Existing exceptions should be treated as a bug rather than a precedent.
Data types
[CQ.11]
[++]
The following C++ data types are encouraged for storage of some quantities:
Unit type | data type |
---|---|
momentum, energy, energy density | float |
charge, charge density | float |
space coordinate (added precision reduces rounding errors of geometry calculations) |
double |
time, relative to a reference within the event | double |
absolute time (achieves (barely) nanosecond precision on UTC times) |
long double |
[D] Documentation
[DF] Functionality documentation
Rationale: plain-English documentation should allow the use of an algorithm without falling back to interpret the code, and should especially include the assumptions and considerations that are relevant to the users and are not expressed by the code.
[DF.01]
[++]
Algorithm classes and function should include also
- description of their function
- explanation of the input format
- explanation of the requirements and assumptions on the input
- an explanation of the features of the output
- plus a reference to external documentation (e.g. SBN DocDB document)
[DF.02]
[+++]
Add documentation in the source code, in Doxygen format,
attached to the object being described.
[DC] Tracking of changes
Rationale: discovery of major changes to the functionality of the code or “relevant” changes of working parameters should be achievable without a systematic comparison the different versions of the code.
[DC.01]
[+++]
Each repository contains in its main directory a changes.md
file;
the start of the file includes information about the format, like the
pattern used for each entry and the tag for breaking changes.
[DC.02]
[+++]
Authors are required to update the changes.md
log when…
- … a new algorithm is added: mentioning the purpose of the new feature.
- … a change in parameters that may affect future results.
- … a change makes existing samples unreadable or misinterpreted.
[DC.03]
[+++]
In the last case, the change is defined as breaking and the entry is
required to explicitly state that with a standard tag
(**BREAKING CHANGE**
is the recommendation).
[DC.04]
[+]
Consider keeping the format of the change log simple.
[DC.05]
[++]
The information about the release version of a change,
should be added by the release manager.
[L] Linking and building
[LB] Build diagnostics (“warnings”)
Rationale: compilation warnings have proven to be a powerful tool in early detection of program mistakes. Experience shows that a single ignored warning both creates a habit, and makes it harder to spot additional ones.
[LB.01]
[+++]
Building warnings must be addressed.
All of them must be treated as errors, except for the deprecation one.
[LB.02]
[++]
If the compiler reports an intended behaviour as problematic, the code
should be reviewed with other people to identify whether the report is correct.

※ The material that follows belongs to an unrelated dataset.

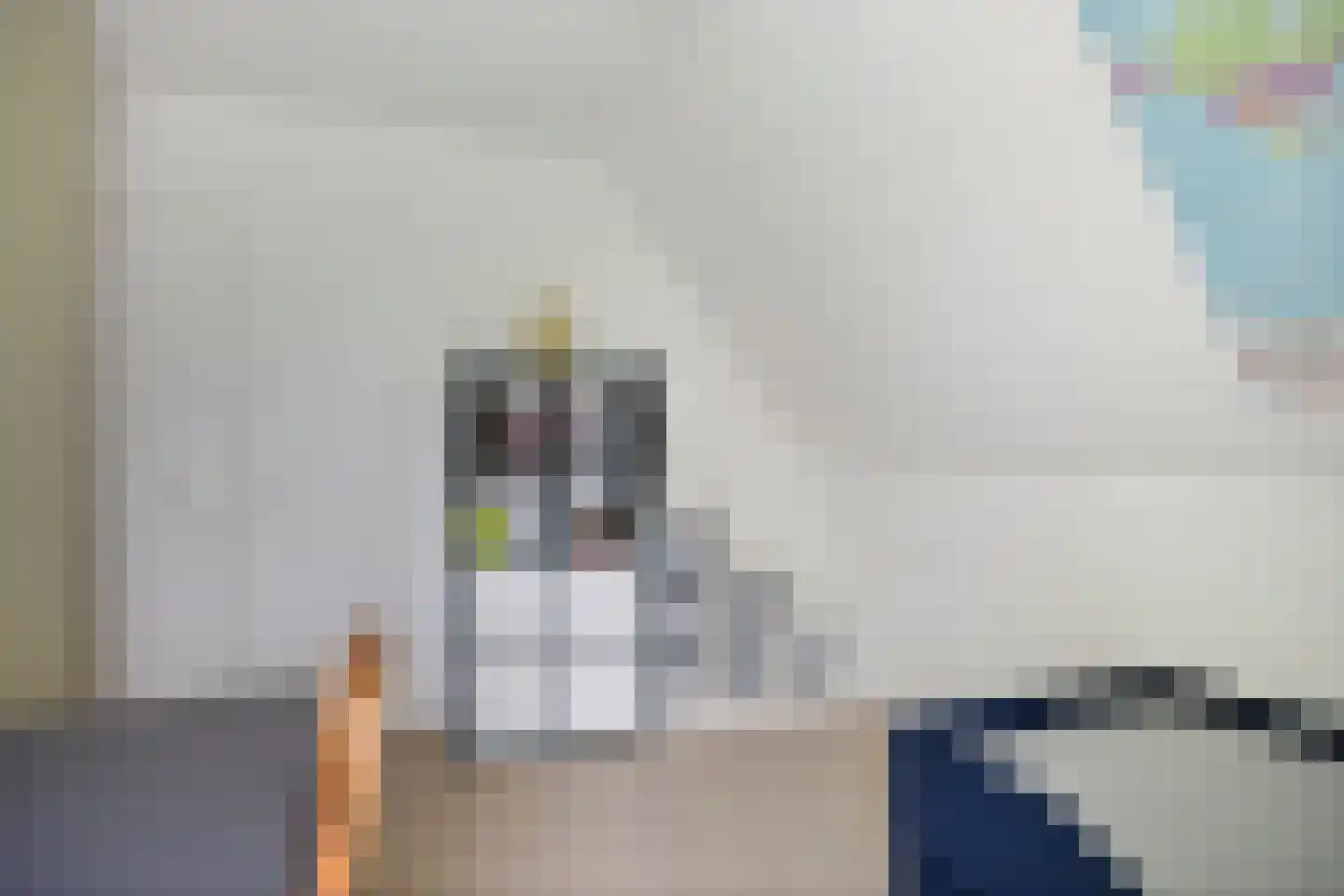Herwijnenstraat 5 Tilburg thumbnail 23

If the review concludes the diagnostic message is spurious, the diagnostic
message can be “acknowledges”.
[LB.03]
[+++]
Acknowledgement of a diagnostic message, when decided, must target only
the line of code triggering it, must disable only the diagnostic message that
needs to be acknowledged, and must be exhaustively documented in a comment.
[LB.04]
[+++]
Deprecation warnings on new code must be resolved.